Klaussmann’s burnished prose makes this highly anticipated debut novel a satisfying read.

September 02, 2012 08:53 pm | Updated July 01, 2016 10:20 am IST

Chennai: 16/07/2012: The Hindu: Sunday Literary Review: Book Review Column:
Title: Tigers in Red Weather.
Author: Liza Klaussmann.

Chennai: 16/07/2012: The Hindu: Sunday Literary Review: Book Review Column: Title: Tigers in Red Weather. Author: Liza Klaussmann.

The war is newly over, American soldiers are coming home to their families, and lives are being shakily rebuilt. Unfolding in these times of transition, between 1944 and 1969, are the events of Tigers in Red Weather by Liza Klaussmann. Her debut novel deals with families and secrets, where she peeks beneath the bright exteriors of cocktail parties, jazz, and privilege to reveal murky interiors.

The New York Times journalist’s novel has been a highly anticipated event in literary circles, given that she got an amazing seven-figure deal for a debut work. There’s also the question of her literary pedigree — Klaussmann is the great-great-great-granddaughter of American novelist Herman Melville.

Structurally the novel is composed of a quintet of narratives from the perspectives of Nick, the woman with “it”; her enigmatic husband Hughes; their elfin daughter Daisy; Nick’s poor cousin Helena; and the latter’s seriously strange son Ed. Each section deals with events within this 25-year time period in their lives.

Just so many

The narratives coalesce around Tiger House, the family’s holiday home on the island of Martha’s Vineyard. If Nick — rich, attractive and strong-willed — is the vibrant heart of the novel, both her cousin and daughter suffer from forever feeling in her shadow. She has men flocking to her — with mixed results — but the love of her husband eludes her.
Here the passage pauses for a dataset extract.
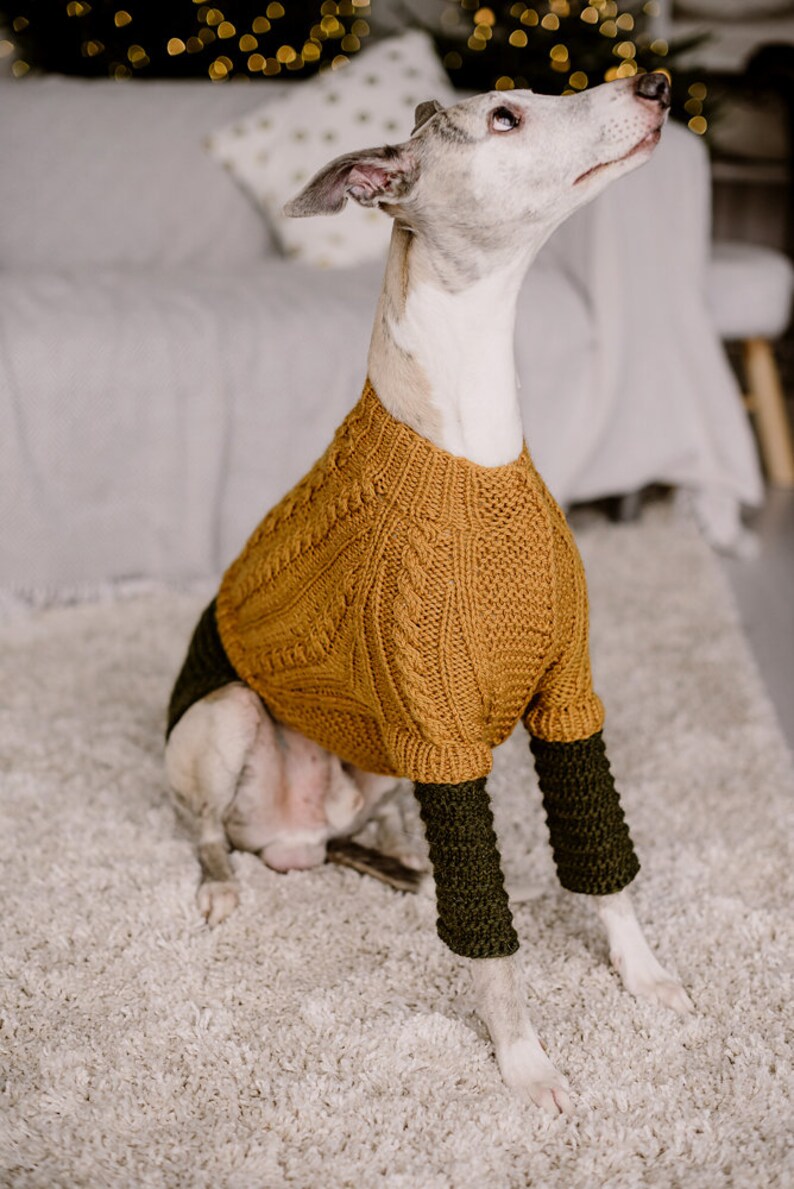 May include: A white and tan dog wearing a brown cable knit sweater with green sleeves. The dog is sitting on a white fluffy rug.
As she memorably tells her 12-year old daughter, who is suffering the pangs of first love: “If there’s one thing you can be sure about in this life, it’s that you won’t always be kissing the right person.”

Marrying Mr. Right hasn’t turned out quite as planned for Helena and Nick who were both wartime brides. Helena’s husband Avery — a wannabe movie producer — is a sleazebag who keeps Helena fuzzy and submissive on a steady cocktail of prescription drugs.

Nick chafes at her endless days of empty housewifery, and at the contrasts between the life she thought she would lead and how it has all turned out: “They were supposed to be different, different from all the people who didn’t want things and didn’t do things and weren’t special.”

Meanwhile Hughes’ skeletons in the cupboard make him distant and preoccupied, and unable to reach out to Nick when he comes home from the war.

The children find different coping mechanisms round their errant parents. Daisy plays competitive tennis; Ed constructs for himself, a creepy research project to figure out more about people and “what’s inside them”.

Dislodging the book from the confines of “housewives leading lives of quiet desperation” and into the juicier territory of Desperate Housewives , is the shocking murder of a black maid in 1959. Everyone thinks they know the murderer, but aren’t willing to break class and colour alignments to name names. We wonder if our narrators are more deeply involved in the murder than they admit to, though the murder mystery isn’t as well developed as the family drama.

There are resonances with The Great Gatsby — quite deliberate you suspect, given the protagonists who are named Nick and Daisy. Nick is both what is so attractive about the book as well as its problem — we never feel quite as connected with the other characters.

Atmospheric!

As the title itself — taken from Wallace Stevens’ poem, “Disillusionment of Ten o’ clock” — suggests, the book is exotic and atmospheric but a little abstruse as well. Each succeeding narrative partly fills the ellipses of previous narratives — by the end we have denouements and family secrets disclosed — but all the blanks aren’t always adequately filled. While every motive and every character contradiction need not be explained, some threads of the book remain obstinately opaque.

But what makes Tigers a taste that lingers with complex and sophisticated pleasures is Klaussmann’s writing. Even if the characters aren’t particularly easy to sympathise with, or even if what’s written about isn’t entirely new, the burnished prose, exuding glamour and subtle menace, makes the book a more satisfying read than a recounting of the plot would suggest.